Bientôt il arriva des ballots de marchandises de toute espèce ; on acquittait les factures avec des billets de portefeuille, et ceux que l’on donnait étaient toujours remplacés par d’autres ; mais d’argent point. Georges ne comprenait rien à tout cela ; il s’embrouillait dans les reviremens, et, quand il avait obtenu quelques explications du maître, il se trouvait encore plus embrouillé qu’auparavant. Du reste, tout allait le mieux du monde ; de Rinval le traitait comme un ami, et la table était toujours excellente. Au bout d’un mois, Valmer songea à ses appointemens ; mais, comme le numéraire n’était pas devenu plus abondant dans la caisse, il demanda ce qu’il devait faire sur ce point.

— Je vous expliquerai cela, mon ami, lui dit le patron ; je cherche en ce moment la solution d’un problème de la plus haute importance, et c’est pour la trouver que je laisse les choses dans l’état où elles sont.
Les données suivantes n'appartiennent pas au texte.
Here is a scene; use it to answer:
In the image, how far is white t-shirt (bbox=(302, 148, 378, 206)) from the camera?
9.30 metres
Vous sentez bien que je ne puis pas, pour une misère, déroger de mon système financier… Cela vous étonne ?… Patience ; vous serez bientôt initié à tout cela, et vous pourrez admirer la conception de mes plans de finances.

Cela n’était pas plus clair que le reste ; mais Rinval promettait une explication prochaine et satisfaisante, et Georges, bien que un peu inquiet, prenait patience.
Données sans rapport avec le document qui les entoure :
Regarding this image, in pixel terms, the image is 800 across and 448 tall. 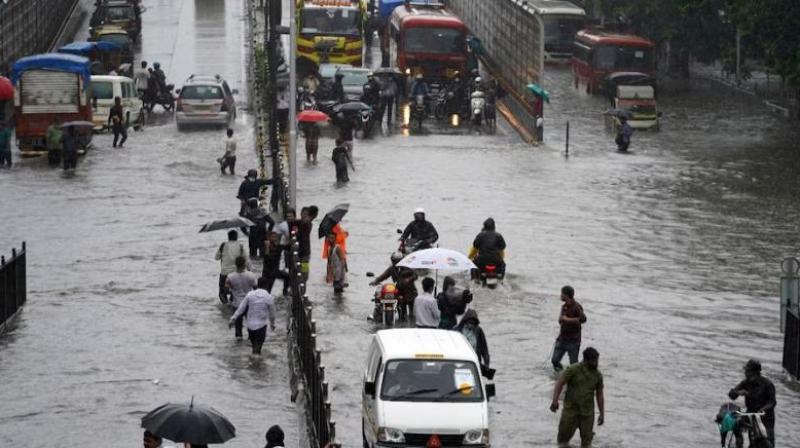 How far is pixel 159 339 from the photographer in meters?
26.7

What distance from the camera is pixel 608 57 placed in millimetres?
66188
La condition de Justine n’était pas meilleure : madame de Marcilly voulait que sa demoiselle de compagnie l’aidât à tromper son mari ; ce dernier voulait qu’elle lui rendît secrètement compte de toutes les actions de sa femme, et il en résulta que, ne voulant consentir à plaire à tous deux à ce prix, elle ne tarda pas à en être détestée. Un mois ne s’était pas écoulé, qu’elle demanda son congé et se retira dans le nouveau logement où Georges avait déposé leur modeste mobilier.

— Ne cherche plus d’emploi, ma bonne sœur, lui avait dit ce dernier ; mes appointemens sont assez considérables pour subvenir à tous nos besoins, et nous n’aurons pas à redouter les propos des méchans, puisque je ne ferai chez toi que de courtes apparitions.
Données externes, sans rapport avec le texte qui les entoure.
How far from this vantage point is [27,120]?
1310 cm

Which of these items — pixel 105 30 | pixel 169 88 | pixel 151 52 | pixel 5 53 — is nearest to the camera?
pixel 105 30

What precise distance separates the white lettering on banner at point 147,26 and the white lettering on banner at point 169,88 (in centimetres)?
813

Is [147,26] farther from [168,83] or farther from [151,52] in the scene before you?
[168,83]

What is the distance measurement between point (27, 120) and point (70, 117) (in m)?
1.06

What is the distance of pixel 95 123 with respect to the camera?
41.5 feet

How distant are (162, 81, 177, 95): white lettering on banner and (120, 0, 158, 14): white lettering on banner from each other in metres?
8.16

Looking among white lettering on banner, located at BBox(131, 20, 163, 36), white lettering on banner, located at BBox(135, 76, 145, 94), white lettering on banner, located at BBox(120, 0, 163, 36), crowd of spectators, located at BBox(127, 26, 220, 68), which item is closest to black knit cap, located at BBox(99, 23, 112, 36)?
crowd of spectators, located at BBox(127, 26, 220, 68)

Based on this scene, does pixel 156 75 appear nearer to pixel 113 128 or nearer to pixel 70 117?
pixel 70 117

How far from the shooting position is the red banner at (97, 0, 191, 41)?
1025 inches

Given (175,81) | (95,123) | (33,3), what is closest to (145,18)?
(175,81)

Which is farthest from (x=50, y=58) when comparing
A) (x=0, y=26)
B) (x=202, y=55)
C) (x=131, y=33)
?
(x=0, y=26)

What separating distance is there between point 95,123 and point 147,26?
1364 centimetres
Ce nouvel arrangement ne devait pas avoir une longue durée. Un matin, en entrant à son bureau, Georges le trouva envahi par des huissiers, des recors, des gardes du commerce, des agens de police et un commissaire ; la solution du grand problème de M. de Rinval était trouvée ; elle consistait en cent mille francs qu’il avait réalisés la veille, et avec lesquels il était parti pour l’étranger. Les meubles furent vendus ; ils ne produisirent pas de quoi payer les frais de justice, et le malheureux Georges, désespéré, fut contraint de partager de nouveau l’asile de Justine.